- **Items from a data source**
○ ○ ○ ○ ○
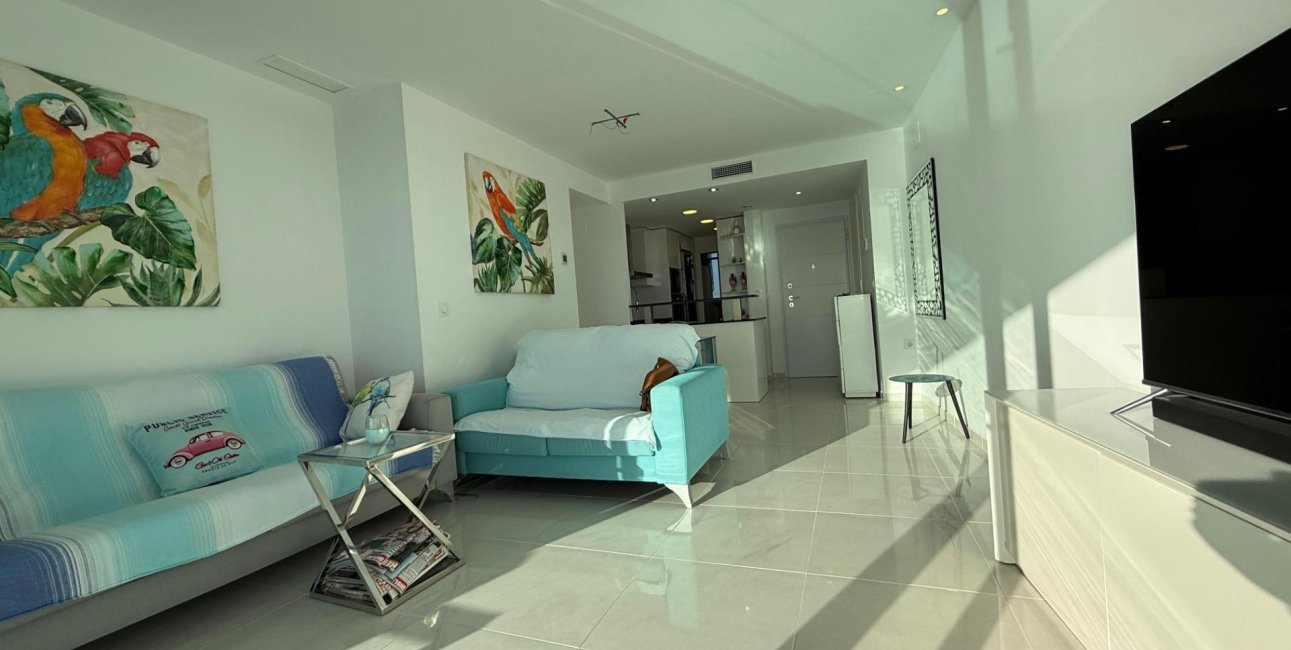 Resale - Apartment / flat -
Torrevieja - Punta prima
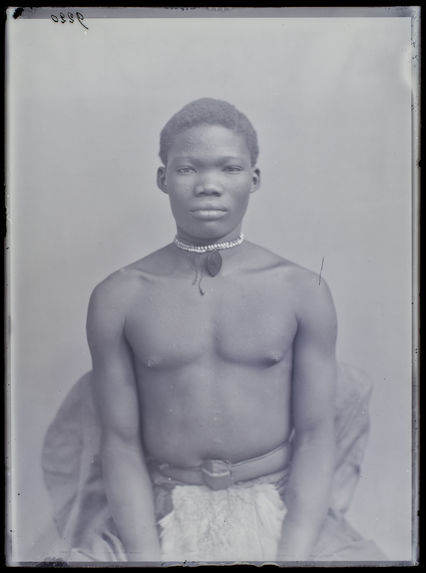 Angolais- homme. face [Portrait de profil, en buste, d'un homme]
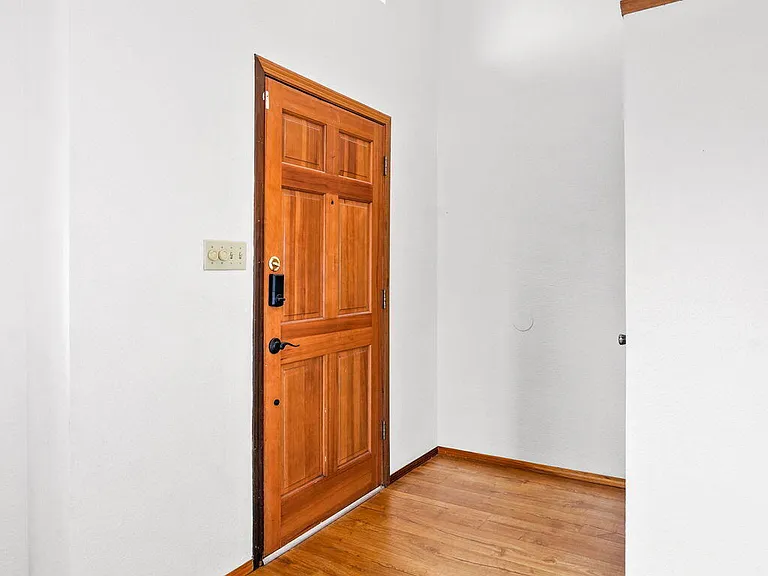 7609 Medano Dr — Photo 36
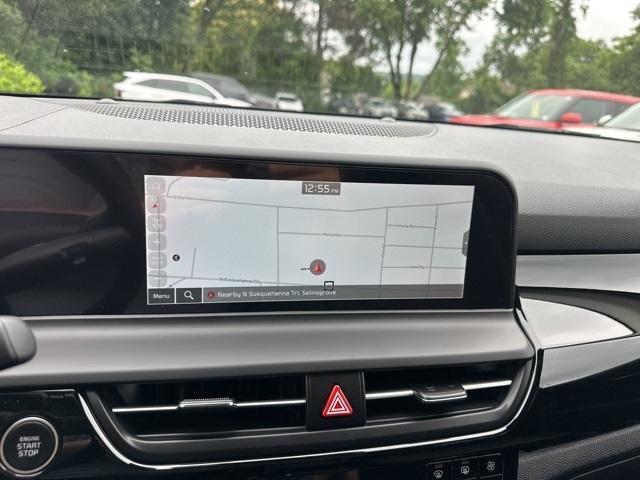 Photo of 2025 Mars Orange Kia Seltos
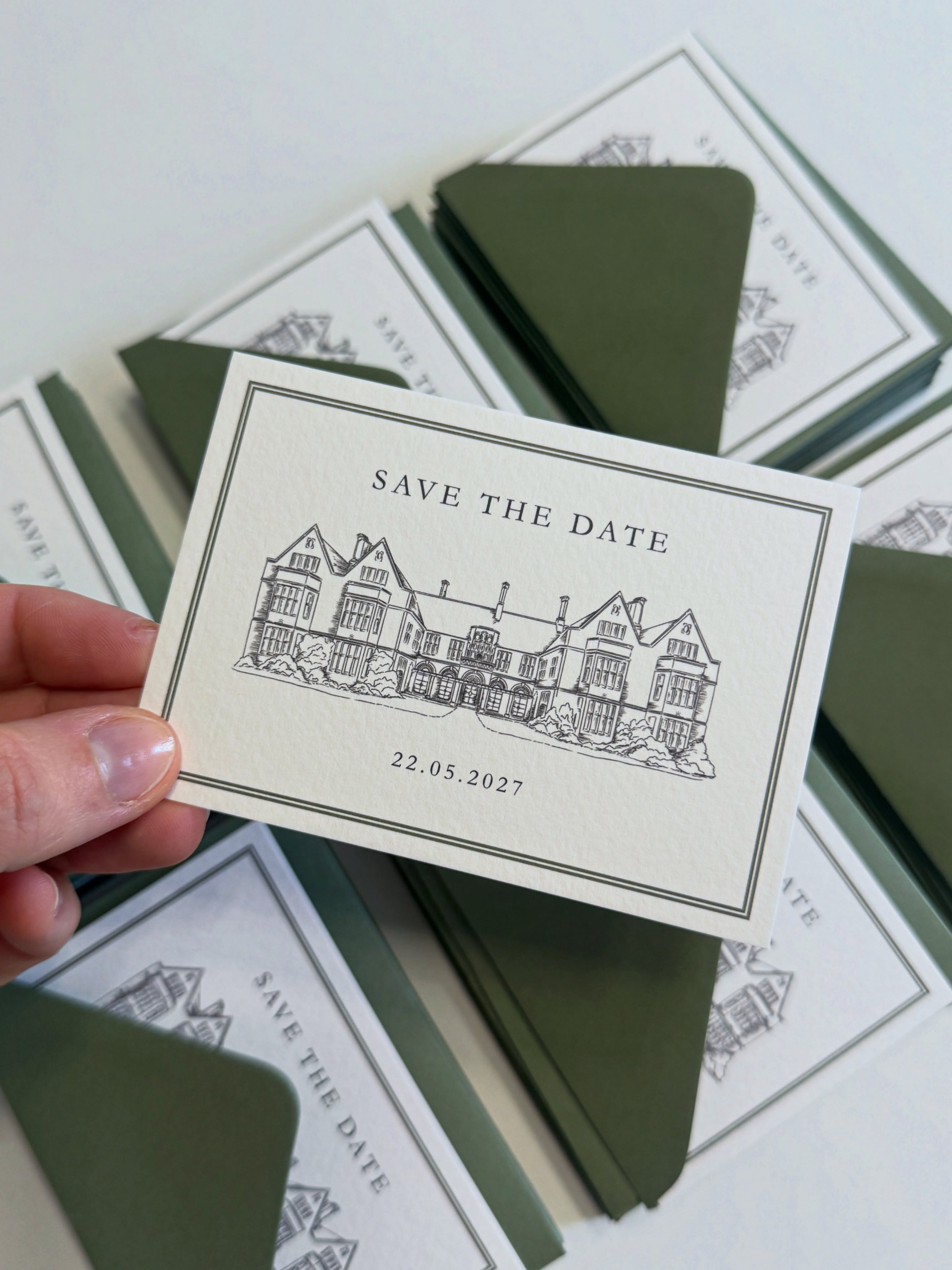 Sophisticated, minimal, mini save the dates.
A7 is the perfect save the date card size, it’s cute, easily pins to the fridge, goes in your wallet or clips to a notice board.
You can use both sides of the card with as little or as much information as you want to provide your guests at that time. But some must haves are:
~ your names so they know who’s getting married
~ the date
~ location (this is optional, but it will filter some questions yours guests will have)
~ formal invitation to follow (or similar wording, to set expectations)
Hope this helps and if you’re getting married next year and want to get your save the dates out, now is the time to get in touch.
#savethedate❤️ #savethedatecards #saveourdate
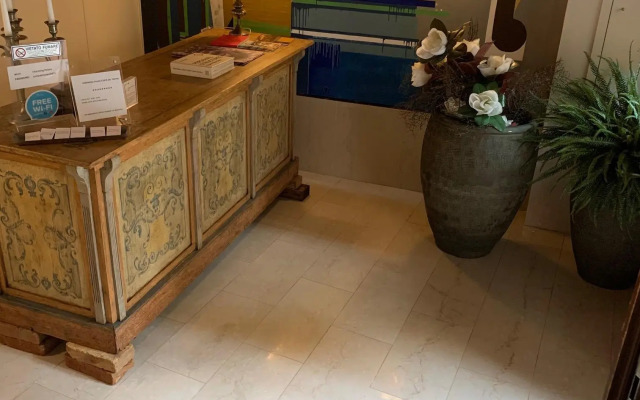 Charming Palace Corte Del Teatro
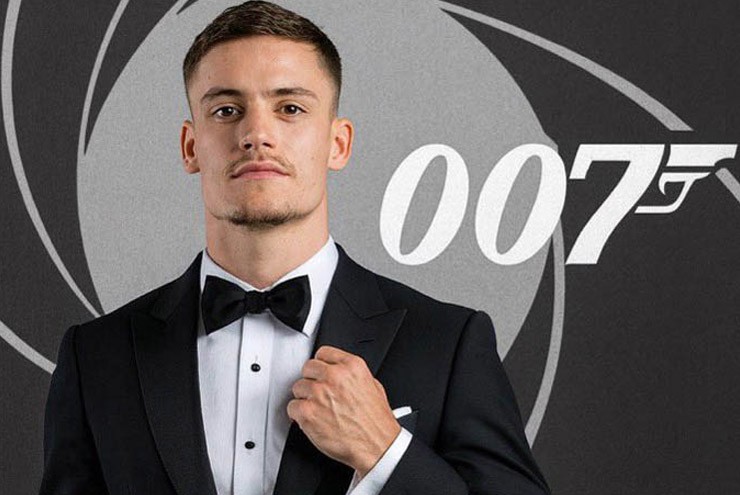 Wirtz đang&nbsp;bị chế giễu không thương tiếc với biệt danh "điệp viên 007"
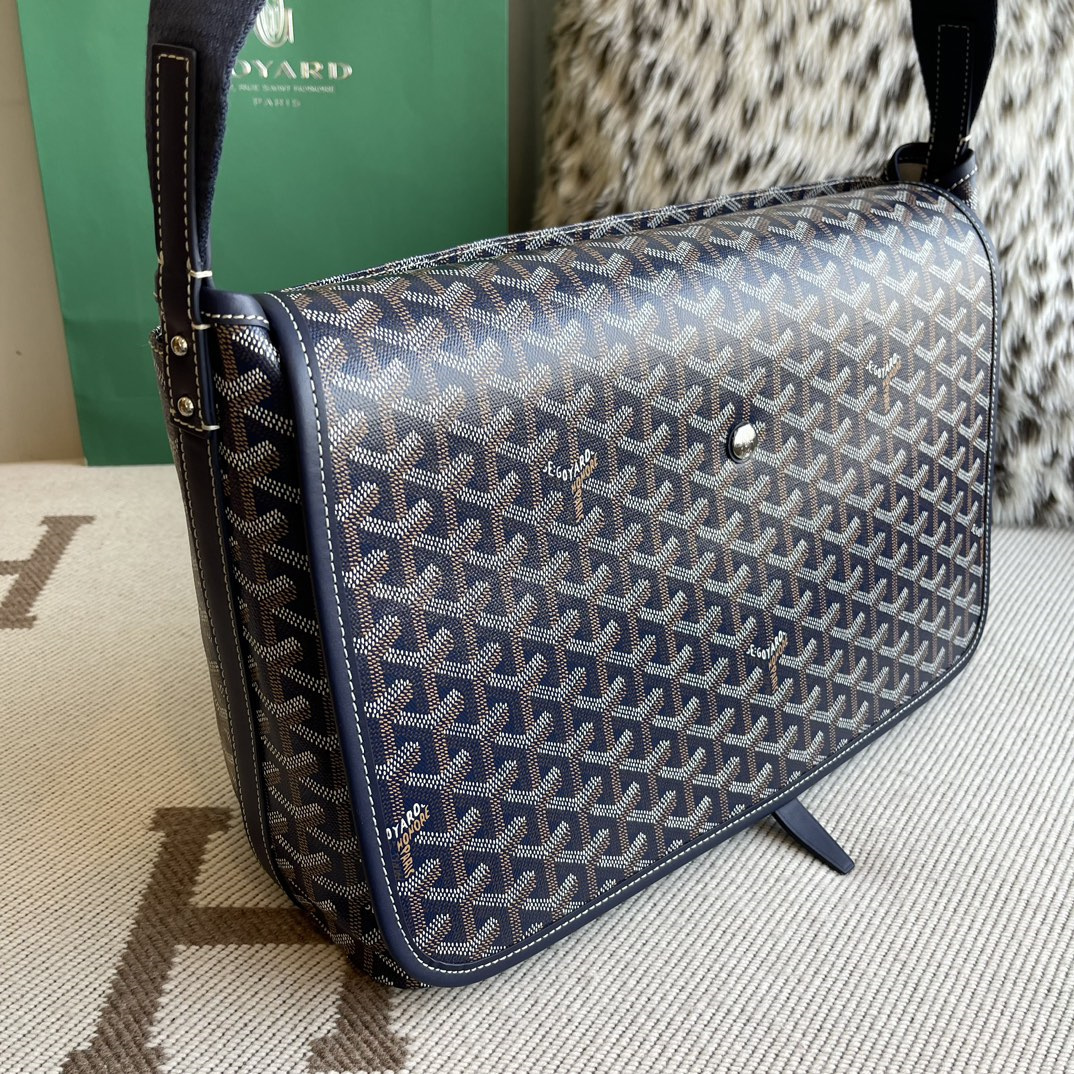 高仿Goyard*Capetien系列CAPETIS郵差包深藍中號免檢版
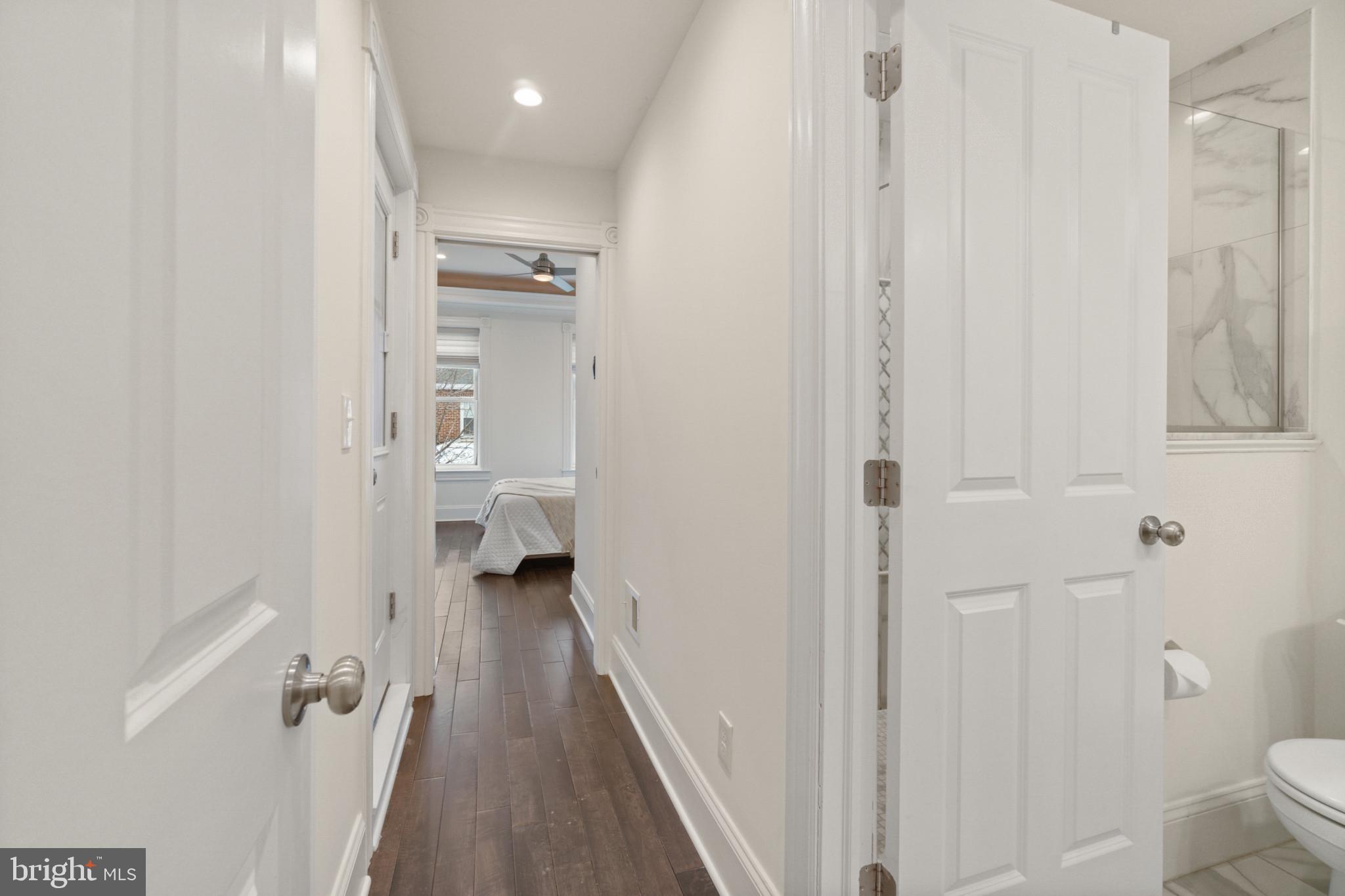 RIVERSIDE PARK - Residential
○ ○ ○ ○ ○
- **WHAT IS NEEDED**
Repeat only the lines from the one with "Hope this helps" through the end of the data, both included and exactly as written. Pictures stay out of the copy.

- **SOLUTION FOR THIS TASK**
Hope this helps and if you’re getting married next year and want to get your save the dates out, now is the time to get in touch.
#savethedate❤️ #savethedatecards #saveourdate
 Charming Palace Corte Del Teatro
 Wirtz đang&nbsp;bị chế giễu không thương tiếc với biệt danh "điệp viên 007"
 高仿Goyard*Capetien系列CAPETIS郵差包深藍中號免檢版
 RIVERSIDE PARK - Residential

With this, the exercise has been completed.